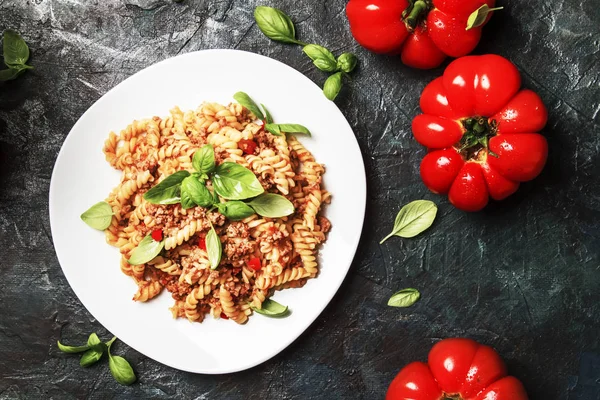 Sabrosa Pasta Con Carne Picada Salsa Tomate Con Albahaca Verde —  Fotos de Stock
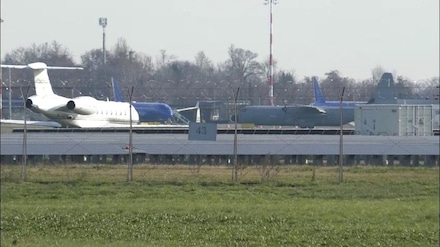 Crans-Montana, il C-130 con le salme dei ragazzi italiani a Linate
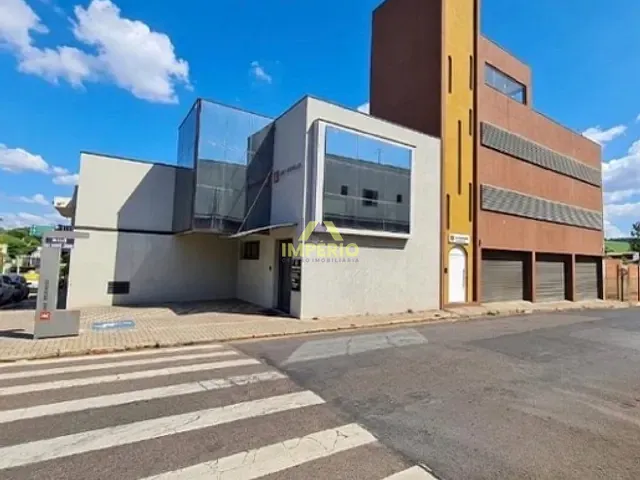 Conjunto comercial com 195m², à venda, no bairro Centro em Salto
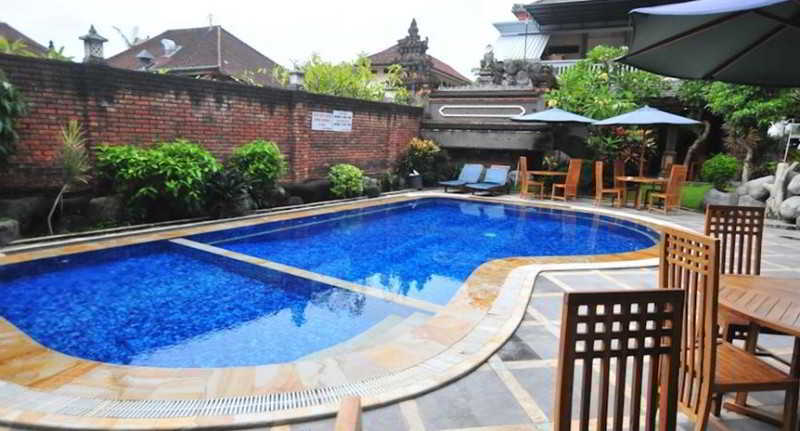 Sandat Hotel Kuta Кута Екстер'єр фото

▸ **What is needed**: Write the material above out again exactly as it reads, but don't carry over the pictures.

▸ **Task result**:
 Sabrosa Pasta Con Carne Picada Salsa Tomate Con Albahaca Verde —  Fotos de Stock
 Crans-Montana, il C-130 con le salme dei ragazzi italiani a Linate
 Conjunto comercial com 195m², à venda, no bairro Centro em Salto
 Sandat Hotel Kuta Кута Екстер'єр фото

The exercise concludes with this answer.